SOURCE MATERIAL =
--------------------------------

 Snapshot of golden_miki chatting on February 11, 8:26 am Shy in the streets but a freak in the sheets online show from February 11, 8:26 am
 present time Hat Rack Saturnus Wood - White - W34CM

--------------------------------

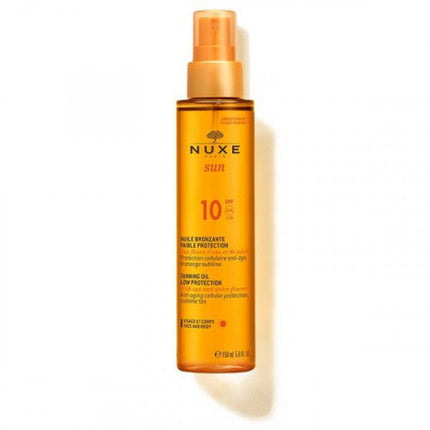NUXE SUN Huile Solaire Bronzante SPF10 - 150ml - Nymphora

--------------------------------

TASK DESCRIPTION = From the records above, retype only the lines starting at the line that contains "Snapshot of golden_miki" and ending at the line that contains "present time Hat", both included.

RESPONSE TO THIS TASK =
 Snapshot of golden_miki chatting on February 11, 8:26 am Shy in the streets but a freak in the sheets online show from February 11, 8:26 am
 present time Hat Rack Saturnus Wood - White - W34CM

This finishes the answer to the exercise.